Diplomats told Reuters that eight countries – Russia, China, India, Pakistan, Bangladesh, Vietnam, Laos and Thailand – sent representatives, but Russia was the only country that sent a minister.
The support of Russia and China, which has also refrained from criticism, is important for the junta as these two countries are permanent members of the United Nations Security Council and can block potential UN actions.
Armed Forces Day commemorates the beginning of the resistance against the Japanese occupation in 1945, staged by Suu Kyi’s father, the founder of the military.
According to Reuters, gunfire hit the US cultural center in Yangon on Saturday, but no one was injured and the incident was being investigated, US embassy spokesman Aryani Manring said.

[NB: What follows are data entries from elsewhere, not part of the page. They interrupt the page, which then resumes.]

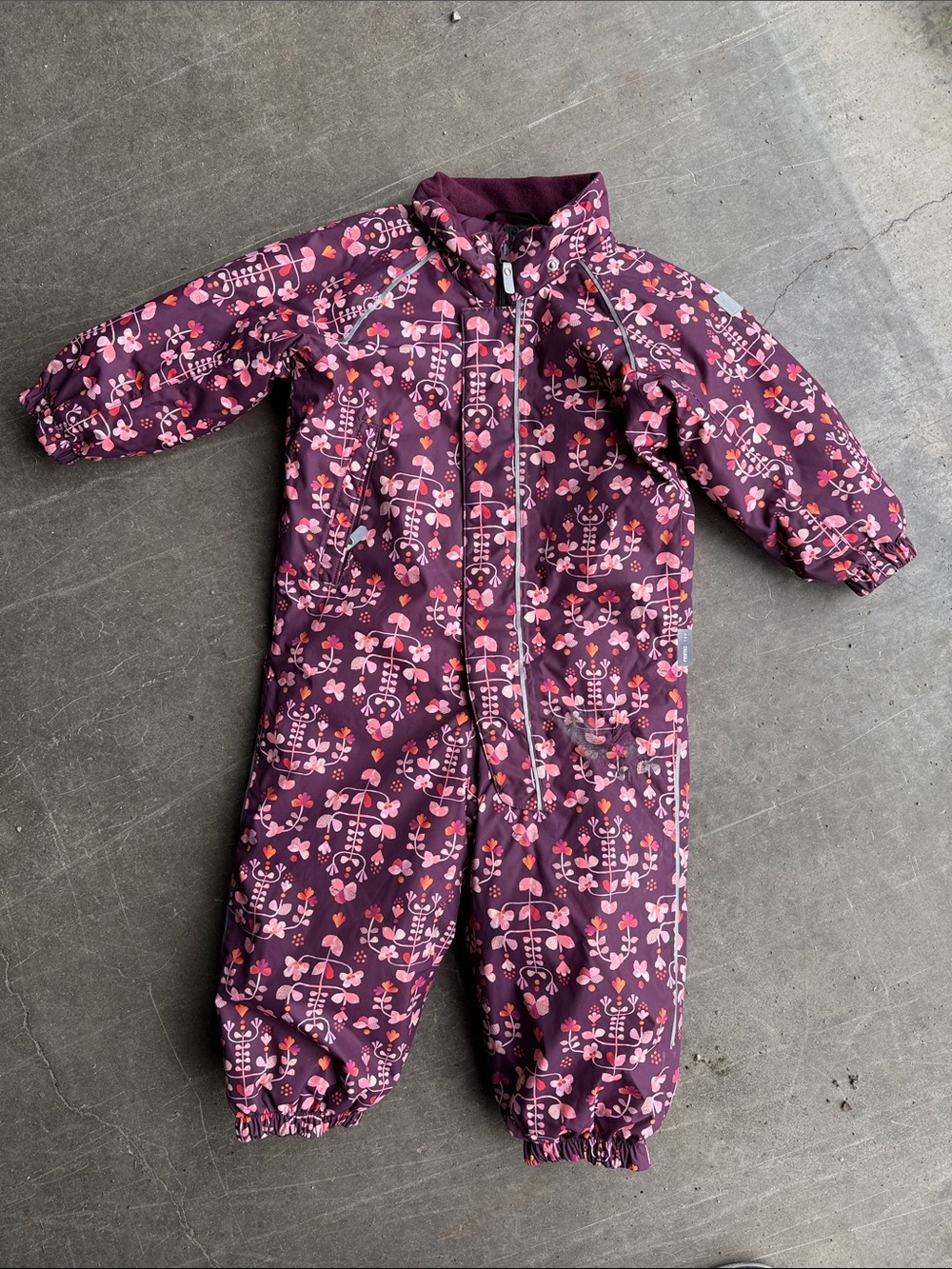 Reima Kids Floral One-Piece Bodysuit in Deep Plum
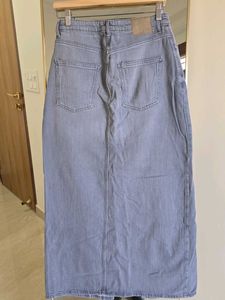 ZARA Denim Midi Skirt with Slit - Grey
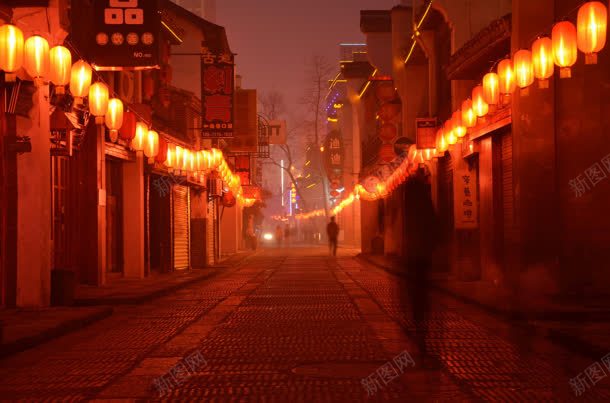 中国风红色古典街道jpg设计背景_新图网 https://ixintu.com 古典 国风 红色 街道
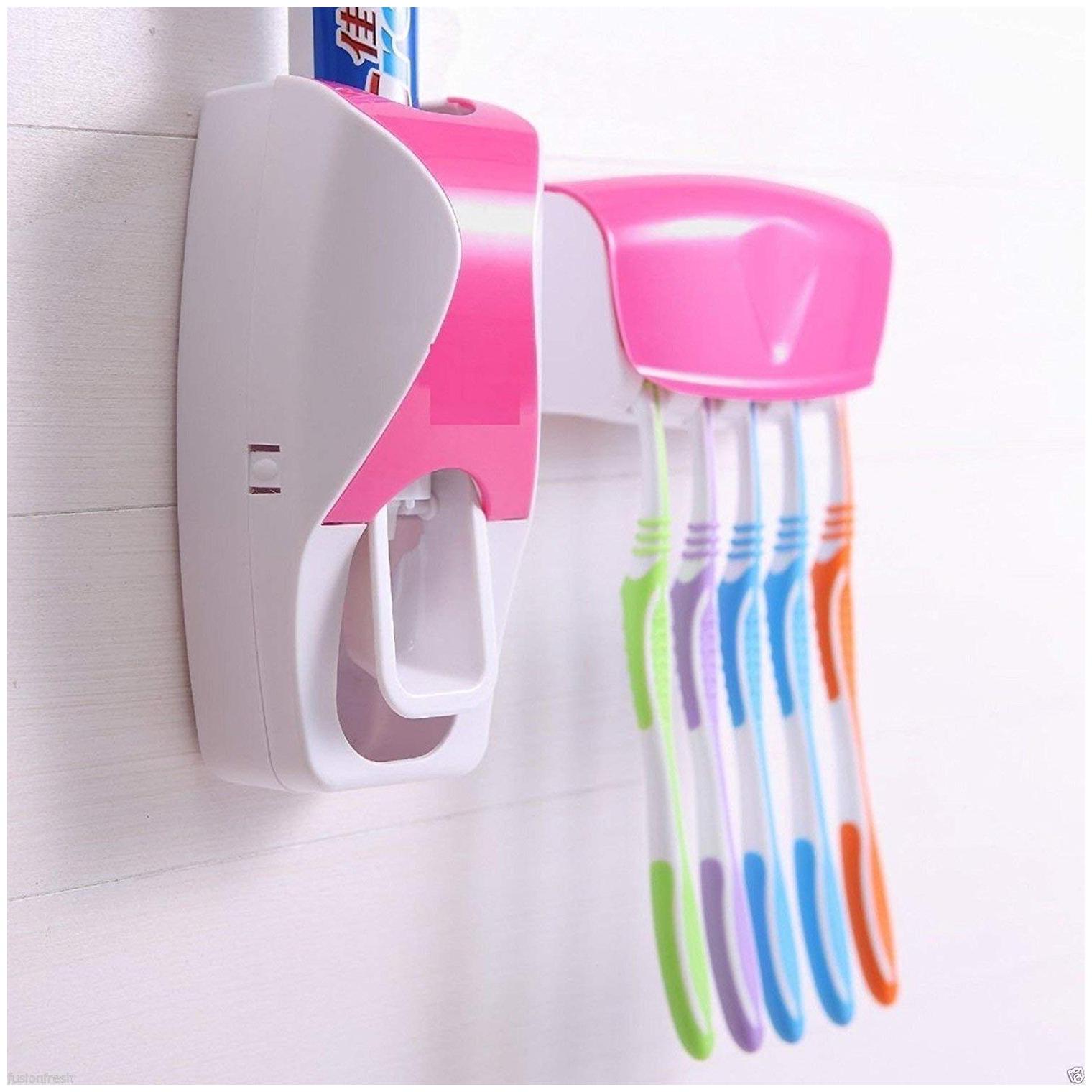 

Cierie Toothbrush Holder with Cover Automatic Toothpaste Dispenser Set Dustproof with 3m Sticky Suction Pad Wall Mounted Kids Hands Free Toothpaste Squeezer for Washroom (Pink)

Protesters have taken to the streets almost every day since the coup that failed Myanmar’s slow transition to democracy.
General Yawd Serk, chairman of the Shan State Restoration Council / Shan State Army – South, one of the country’s ethnic armies, told Reuters in neighboring Thailand, “If they keep shooting at protesters and harassing people, I think all The Ethnic Groups wouldn’t just watch and do nothing. “
Author and historian Thant Myint-U wrote on Twitter: “A failed state in Myanmar has the potential to attract all major powers – including the US, China, India, Russia and Japan – in ways that could lead to a major international crisis (as well as an even bigger disaster in Myanmar itself). “
CNN’s Eleanor Pickston and Richard Roth contributed to this report.